KI-Glossar
Das vollständige Wörterbuch der Künstlichen Intelligenz
Value Distribution
Complete representation of uncertainty about future returns in reinforcement learning, modeling the entire probability distribution of each possible return rather than just its expectation.
Distributional Reinforcement Learning
RL paradigm that explicitly models the full distribution of expected returns to capture uncertainty and variability of future outcomes.
Distributional Q-Function
Extension of the Q-value function that returns a probability distribution over expected returns instead of a single scalar value.
Atomization Parametrization
Technique for discretizing continuous distributions into finite sets of points (atoms) with associated probabilities to facilitate computational learning.
Categorical Distributional RL (C51)
Pioneering algorithm that models the return distribution as a discrete categorical distribution over a fixed support of values.

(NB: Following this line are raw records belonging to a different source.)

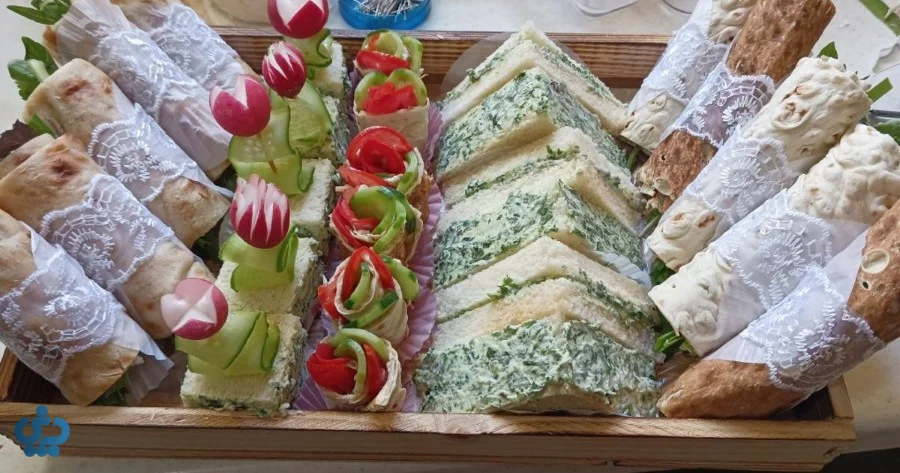 رولت نان و پنیر و سبزی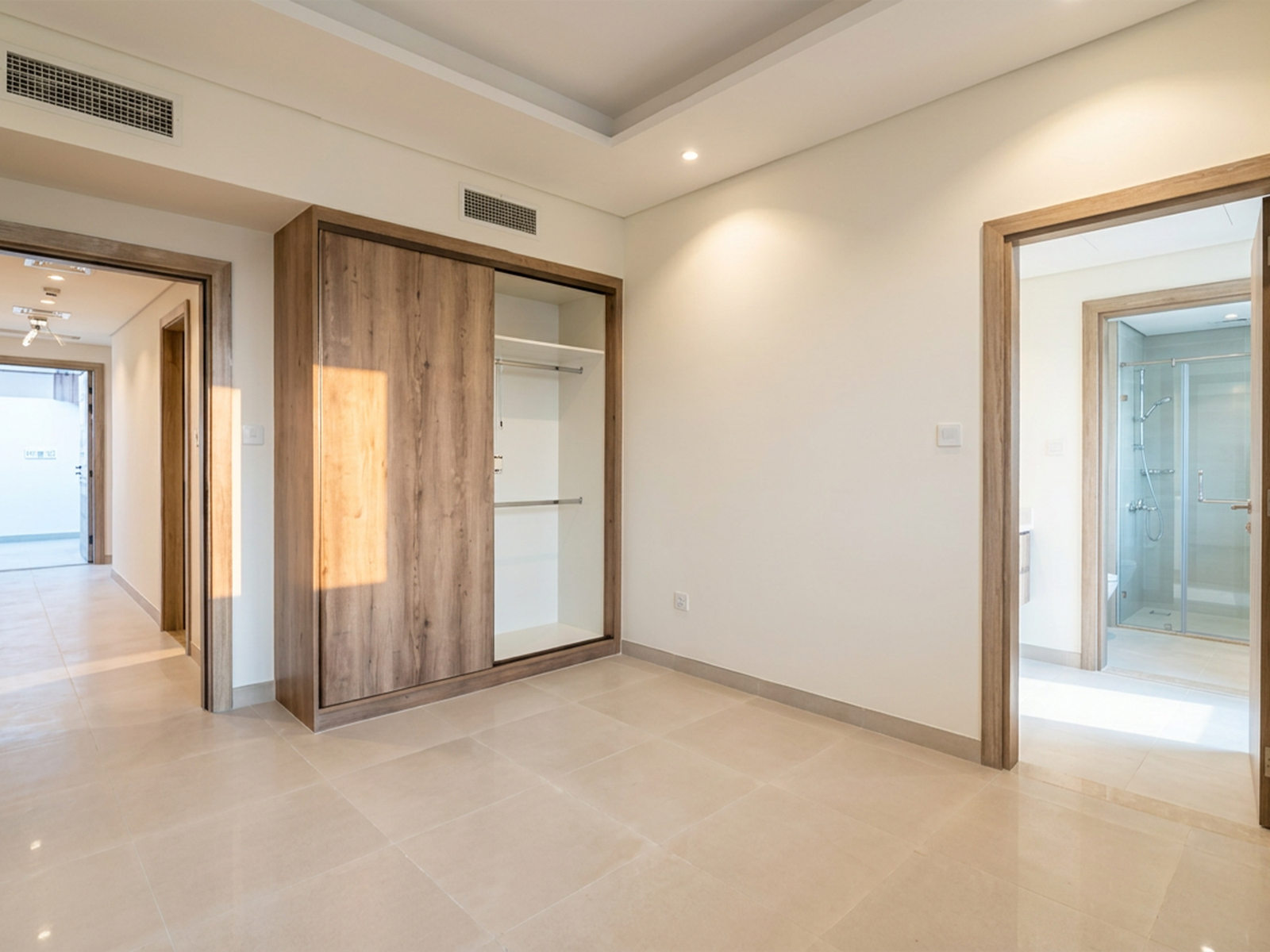 6 3BR + Maid’s | 2 Parking | Family-Friendly
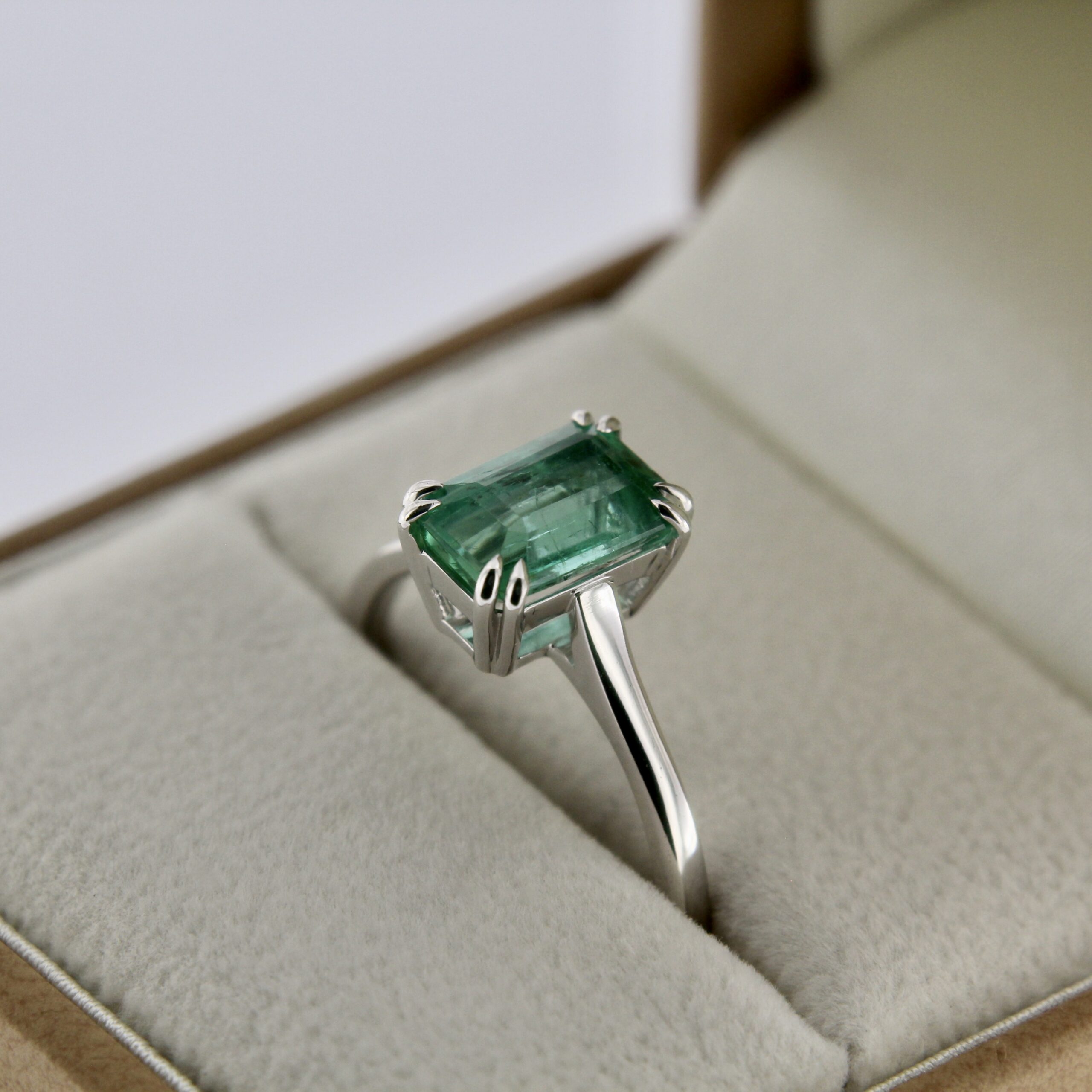 Kuldsõrmus Zambia smaragdiga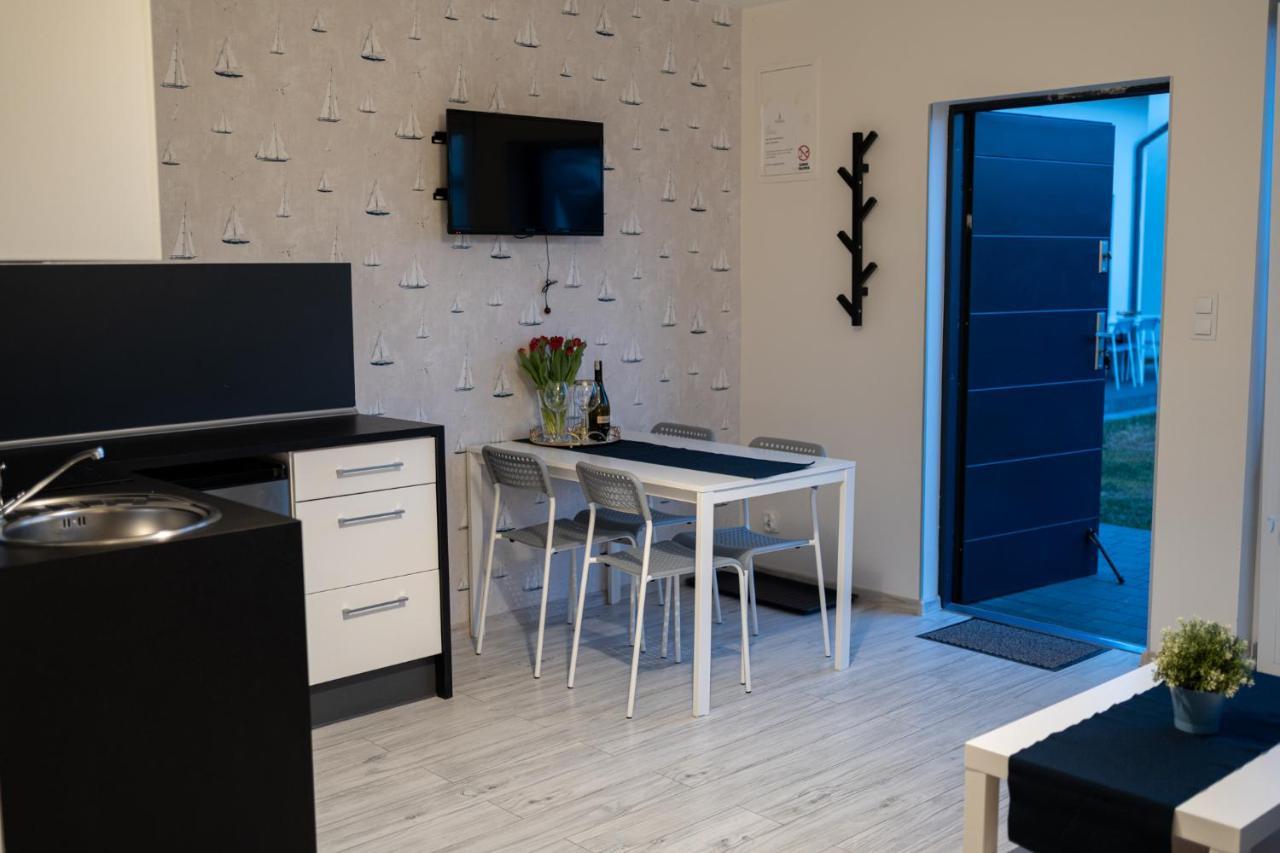 Karwia Marina Apartamenty Exterior foto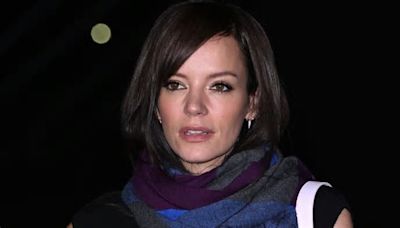 Lily Allen slammed after she confesses to leaving her kids in economy on flights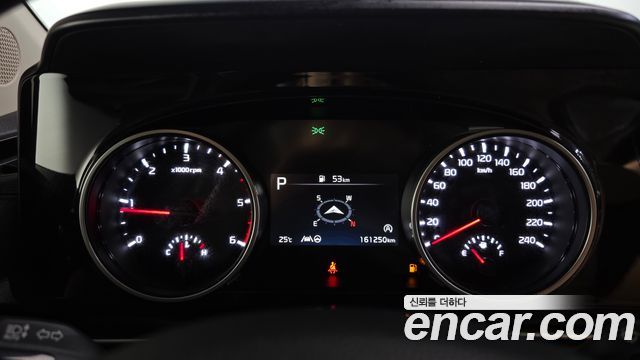 Kia Canival 2022 — photo 8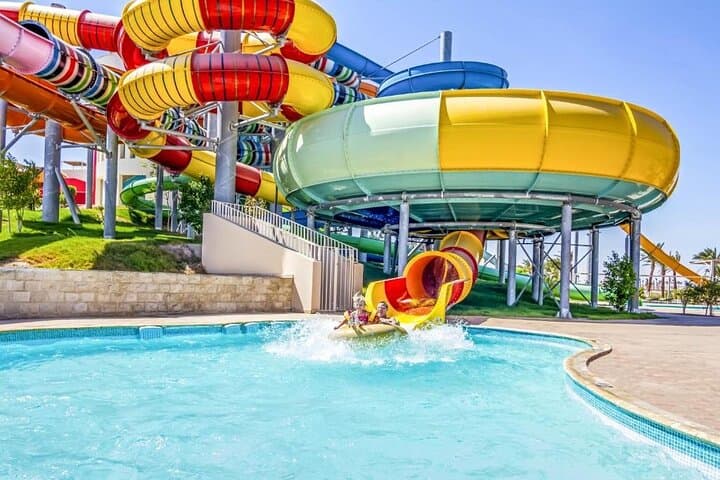 Full-Day Aqua Park Adventure from Hurghada — Red Sea Slides & Pools photo 2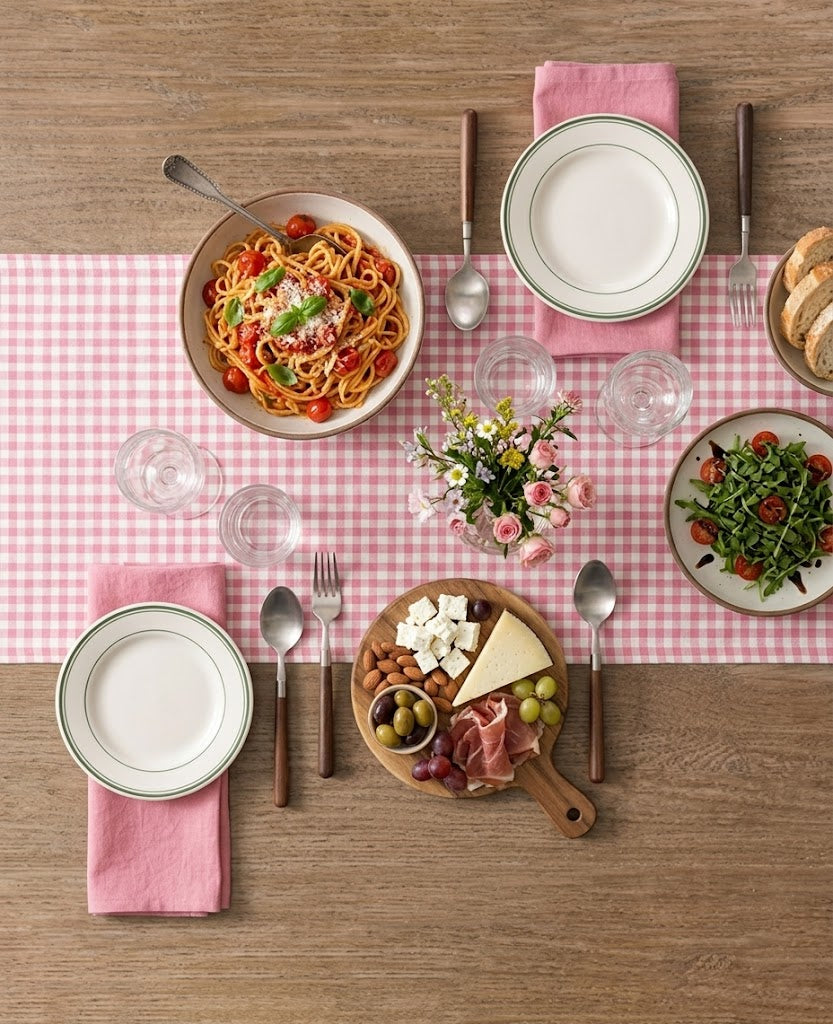 Mesa Posta Romântica com Caminho de Mesa Rosa e Babados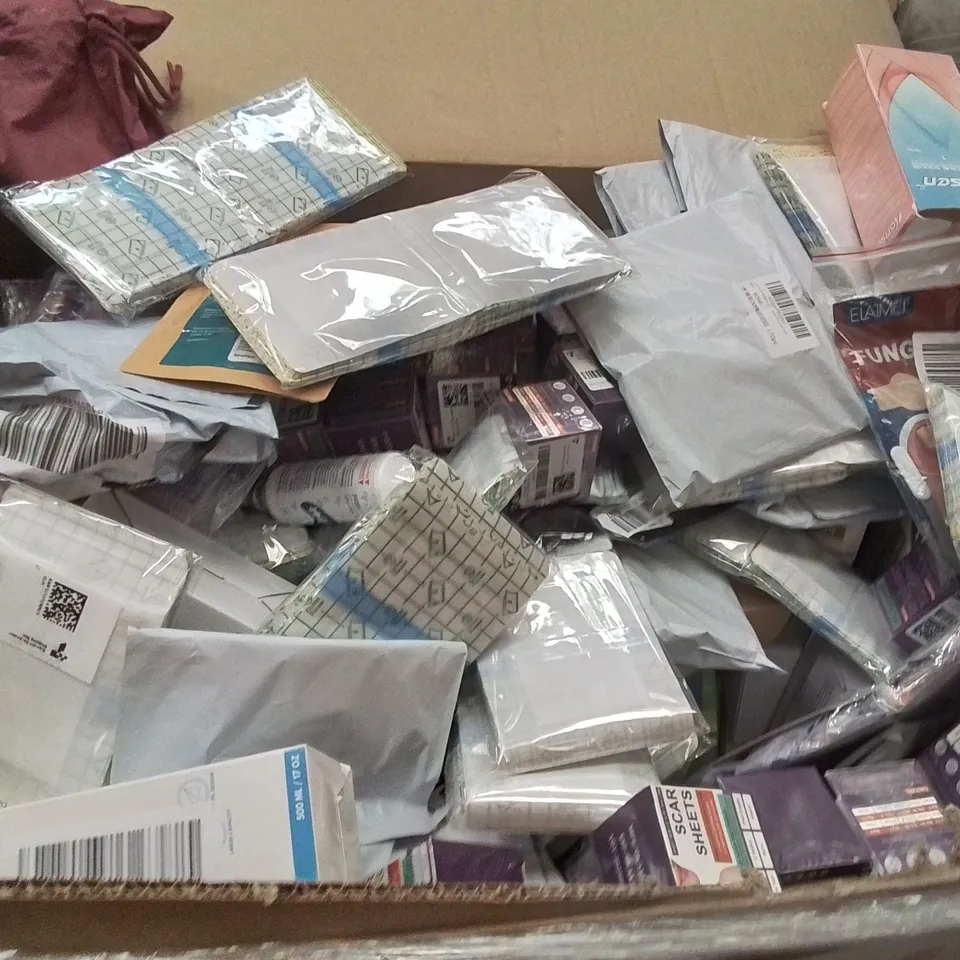 PALLET CONTAINING A LARGE QUANTITY OF PHARMACY PRODUCTS TO INCLUDE;BABY NOISE ASPIRATOR,SCAR SHEETS,EAR WASHER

Distributional Bellman Operator
Generalization of the classical Bellman operator that applies to full distributions rather than just expected values.
Wasserstein Distance
Metric used to measure similarity between value distributions in the return space, allowing capture of both the location and shape of distributions.
Distributional Projection
Process of projecting continuous distributions onto a predefined discrete support, essential for practical implementation of distributional algorithms.
Distributional Risk
Measure of the uncertainty and variability in return predictions, quantified through the higher statistical moments of the value distribution.
Higher-Order Moments
Statistics (variance, skewness, kurtosis) describing the shape of the return distribution beyond the mean, capturing asymmetry and probability concentration.
Distributional Temporal Variation
Temporal evolution of the full shape of the return distribution rather than just its expected value, revealing changing risk patterns.
Discrete Value Support
Finite and ordered set of values on which continuous distributions are approximated in practical distributional algorithms.
Distributional Propagation
Process of updating value distributions via the Bellman operator, preserving uncertainty information at each time step.
Distributional Stability
Property of convergence of value distributions to a stable form during learning, ensuring the consistency of uncertainty estimates.